“Me voy a quitar las
zapatillas y me voy a poner un par de botas para que los pies no se me congelen
y voy a salir ahí fuera. Con eso tendrá que bastar. No pienso vestirme para
hacer esto.”
“¿Qué murmuras?” preguntó
Papá, frotándose los ojos. “¿Pero qué haces? ¿Dónde piensas ir a estas horas de la noche? Es una gélida noche de invierno.
¡Esto es de locos!”
Mamá contestó que estaba
segura que fuera le esperaba algo que ella ansiaba tener.
“¡Oh!”
dijo Papá. “Pues métete en la cama. Yo iré a por ello. ¿Qué
es?”
Mamá estaba siendo poco
clara y le dijo que no tenía ni idea. Sólo sabía que ahí fuera había algo que
se la antojaba tener.
“Entonces cogeré la primera
cosa fuera de lugar que encuentre. Seguro que será eso,” dijo Papá.
“No, porque te lo vas a
querer quedar.”
“¿Y por qué no puedo
quedármelo?” dijo Papá.
Así que salieron los dos,
dando tumbos en la noche, apoyándose el uno en la otra y viceversa para evitar
resbalar en el hielo y caer a la nieve.
En el jardín, bajo la luz de
la luna, Papá fue el primero en ver algo extraño.

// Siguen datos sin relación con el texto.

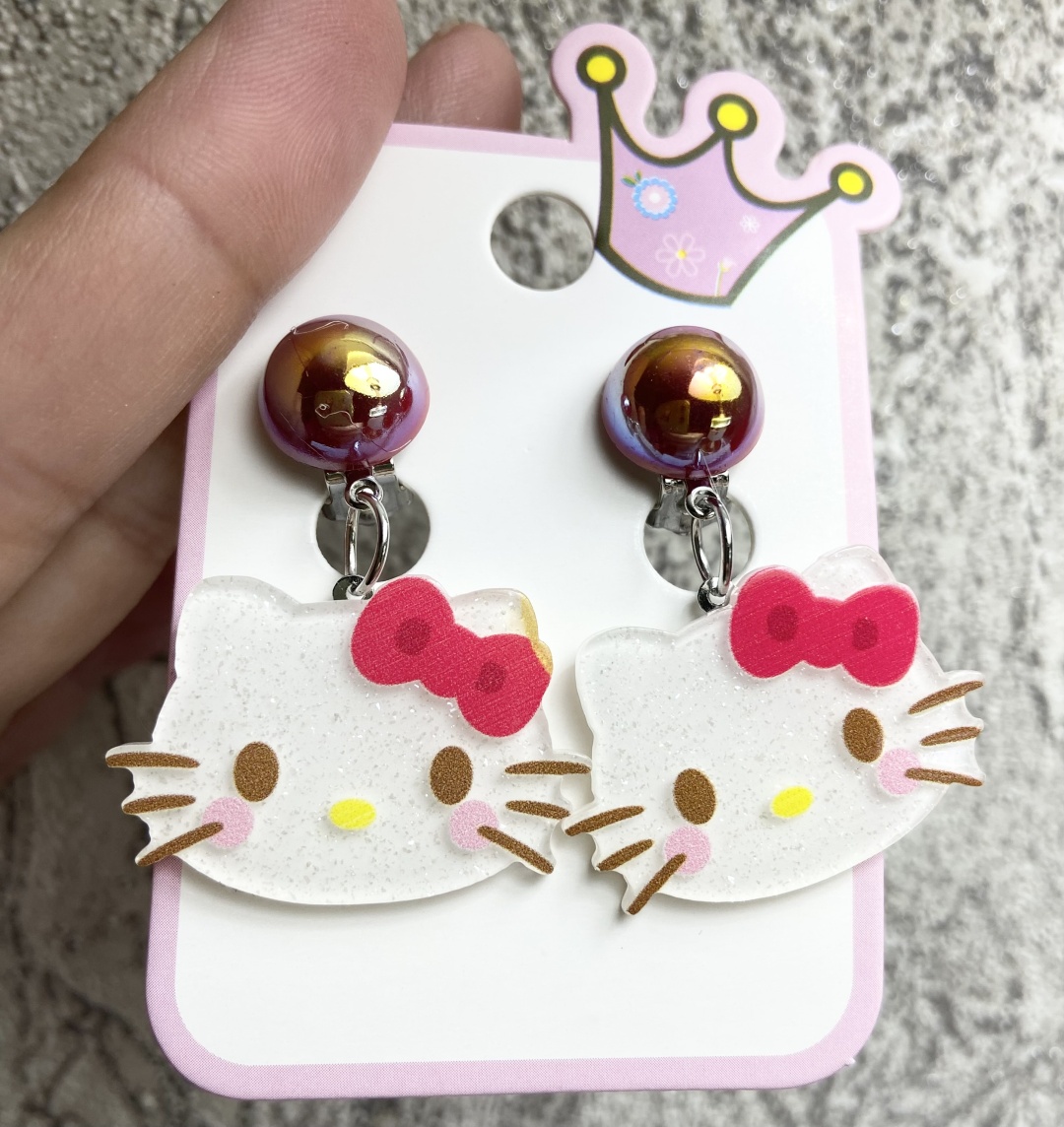 Клипсы Hello Kitty  пластик, бижутерный сплав, без вставок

“¡Mira! Una mariquita comiendo tréboles.
¡Qué raro en invierno! ¡Eh! Si hay
una fila entera de ellas. ¡Sigámoslas!”
Y entonces mi madre gritó, “¡Ahi! ¡Ahí está! En el árbol del
loto.”
El loto estaba invadido por
mariquitas y en una de sus ramas, una flor rosada se había abierto para revelar
un pequeño bulto envuelto en una mantita de franela morada.
“Sí, yo lo he visto también.
Pues es nuestro porque somos los primeros que lo vemos. Lo único que tenemos
que hacer ahora es cogerlo. ¿Por qué no me has dicho que esperábamos un bebé?”

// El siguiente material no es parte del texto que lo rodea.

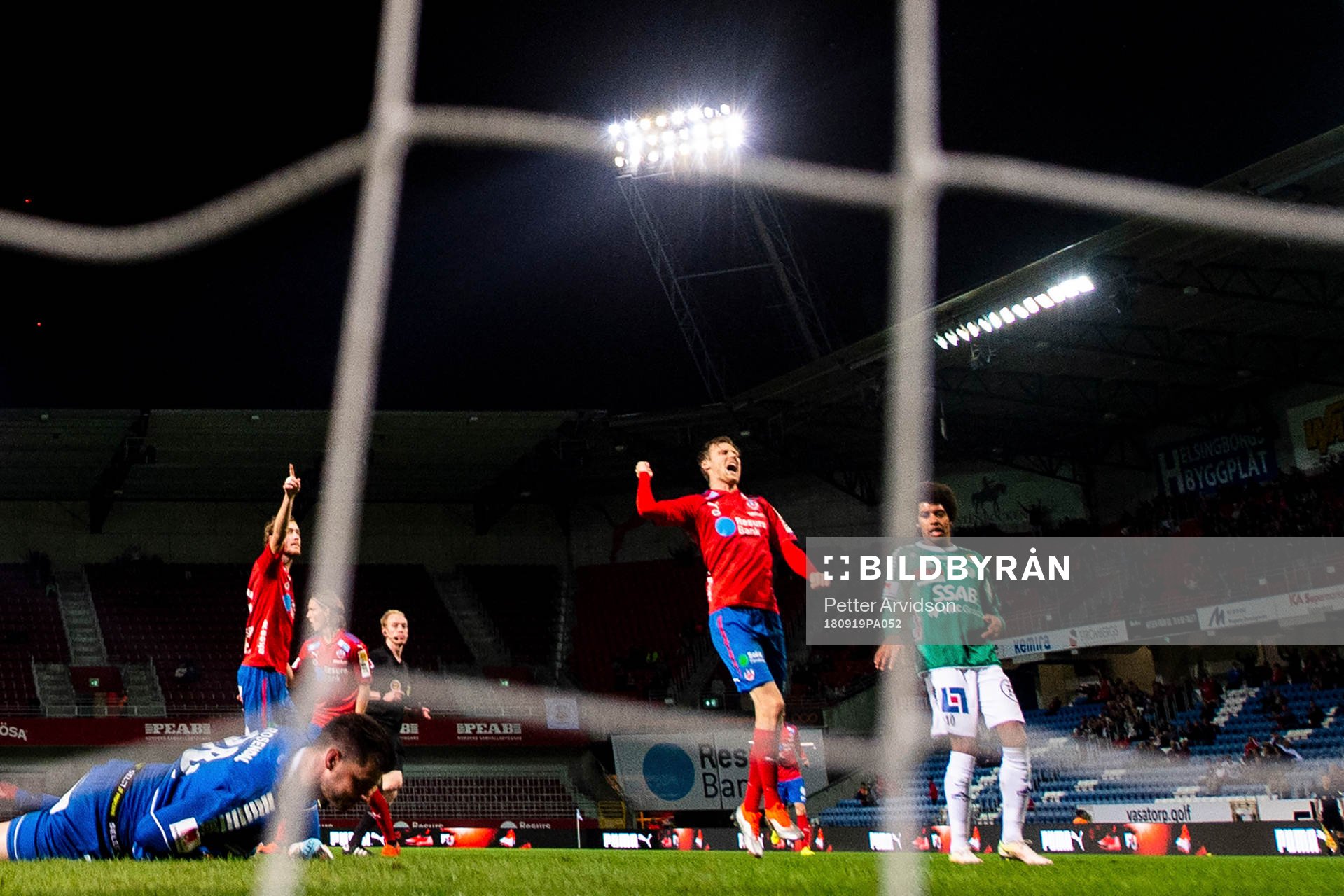 Helsingborgs Andri Runar  Bjarnason jublar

Mamá dijo que le había pedido uno a la diosa romana
Lucina pero no había recibido confirmación del encargo. Esa noche soñó que se
iba a hacer la entrega.Y sí, la hicieron las mariquitas, que eran las mascotas
preferidas de Lucina.
El loto frunció el ceño y
regañó a mis padres.
“¿Os vais a quedar aquí
fuera toda la noche discutiendo? El bebé se está volviendo
azul. ¿Queréis que la pobrecita sea otra hada azul? Metedla en casa cuanto
antes. Si no, yo me la llevaré para abajo. Estará mejor junto a mis raíces que
con padres como vosotros.”
“¡Es una niña!” rió Papá. “¡El
árbol se ha ido de la lengua!”
“A ver si me voy a ir de una
rama, que ganas me dan de darte en un ojo, y dejarte esos ojos verdes morados,
cantamañanas, que no sabes más que perder el tiempo. Parece mentira que hayas
criado a más de una docena de hijos.”
“Cálmate,
Loto,” dijo Mamá. “Nos ocuparemos ahora mismo. Oberón, súbete al árbol y
baja de ahí a la niña. Yo me la llevaré a casa. Tú
acompaña a las mariquitas al invernadero. Allí no se helarán y encontrarán algo
que comer.”
“¡Cuidad
bien de ella, insensatos! ¡Nosotros lo haríamos!” dijeron los árboles del jardín.